Debris Season 1 Episode 3, "Solar Winds" Debris Review: Solar Winds (Season 1 Episode 3) Debris Season 1 Episode 3, "Solar Winds"

Debris Review: Solar Winds (Season 1 Episode 3)

Debris, Reviews

There’s something incredibly enjoyable, even cathartic, about a show that is so unapologetically episodic. Debris Season 1 Episode 3, “Solar Winds,” doesn’t shy away from that or pretend that it’s not fully that. Perhaps this is just where we are now but, especially with mystery box shows like this, television is so rarely allowed to be just that: television. 

Serialized shows often have to feel like they are one part of a larger story, like The 100 or The Event, where each episode is more like its own chapter rather than a singular experience that viewers can come back for week-after-week. Some shows fall into the fallacy that they have to be a movie stretched out into many hours but Debris thankfully doesn’t operate that way. 

Outside of the scenes where we check in on Maddox and whatever machinations he has in the works — of which there are a plentiful amount so it can’t get too much credit— “Solar Winds” is overall an episode that is very centered and focused on the case at hand. It’s just taking a concept that is simple yet weird and executing it to the best of the show’s ability. 

Debris Season 1 Episode 3, "Solar Winds" Debris Review: Solar Winds (Season 1 Episode 3) Debris Season 1 Episode 3, "Solar Winds"
DEBRIS — “Solar Winds” Episode: 103 — Pictured: (l-r) Riann Steele as Finola Jones, Jonathan Tucker as Bryan Beneventi, Matthew MacCaull as Muntz, Thomas Cardot as Agent Tom — (Photo by: James Dittiger/NBC)

In a lot of ways, this feels some of Fringe‘s less grandiose episodes where there’s just a fixed thing and the team working to solve whatever that is. From a production standpoint, it’s kind of a genius move. It’s working along the same logic as a bottle episode: they have a fixed set that they don’t need to veer off.

It’s the kind of episode that’s born out of saving money for perhaps a more costly episode down the road and it works out pretty well. It’s a pretty nondescript area that could conceivably be anywhere and the biggest thing would be the debris itself and creating the effect itself, which didn’t look too expensive in and of itself, but still looked rather good. 

The square is just vague enough to be intriguing and the human element of Nicole being trapped inside of it is more enough to make up for any loose ground. 

Debris Season 1 Episode 3, "Solar Winds" Debris Review: Solar Winds (Season 1 Episode 3) Debris Season 1 Episode 3, "Solar Winds"
DEBRIS — “Solar Winds” Episode: 103 — Pictured: (l-r) Jonathan Tucker as Bryan Beneventi, Riann Steele as Finola Jones — (Photo by: James Dittiger/NBC)
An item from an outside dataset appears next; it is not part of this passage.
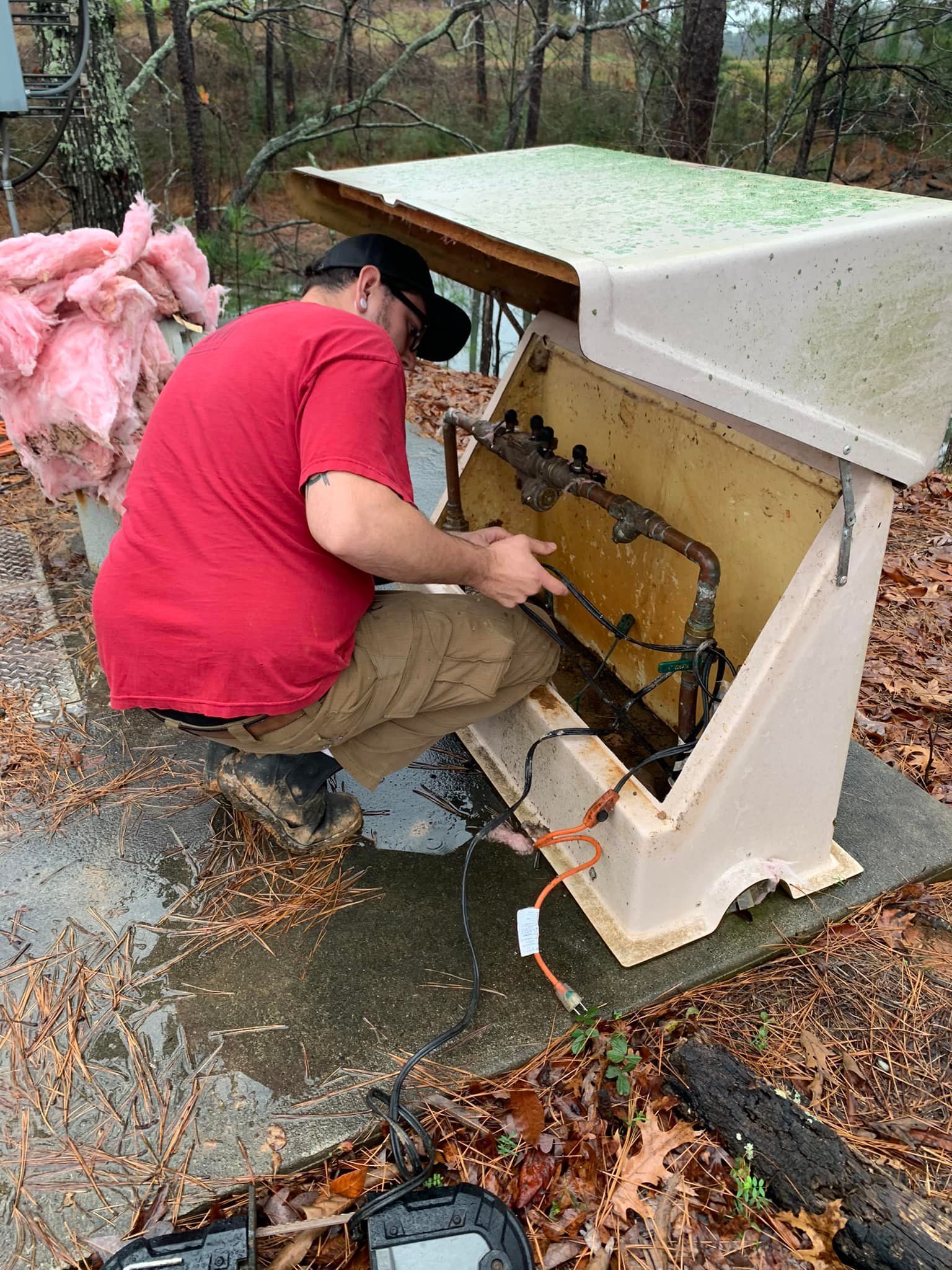 A man in a red shirt is working on a machine outside.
One of the best things about the episode, and something that feels explicitly like The X-Files, is how it’s never explained by the end of it how so many different people were able to be trapped inside of it. The way to solve it falls within something they know how to do but the inciting event is never known. It lends an ineffability to it that serves the show well. 

We mentioned Maddox earlier so let’s touch on that briefly. We haven’t talked about him during the previous reviews but it should be known that his section of the show is by far the worst. It forces the show to engage in perhaps the worst tv trope, which is characters holding back information when it would be far easier to just tell them. 

However, in this particular case, that’s a bit of a double-edged sword because the episode is able to make good work of some subtextual themes, particularly during the scenes when talking to Nicole’s father. He didn’t know what happened to his daughter for years and that’s a thing that haunts him. 

Debris Season 1 Episode 3, "Solar Winds" Debris Review: Solar Winds (Season 1 Episode 3) Debris Season 1 Episode 3, "Solar Winds"
DEBRIS — “Solar Winds” Episode: 103 — Pictured: (l-r) Riann Steele as Finola Jones, Sarah Desjardins as Nicole Hegman — (Photo by: James Dittiger/NBC)

Similarly, Finola also doesn’t truly know what happened to her father, except the audience and Bryan are the only ones who know that. It functions well enough that we have information that Finola herself doesn’t have but it would be even more successful if she were made aware of that, too. 

What did you think of this episode of Debris? Share your thoughts in the comments below!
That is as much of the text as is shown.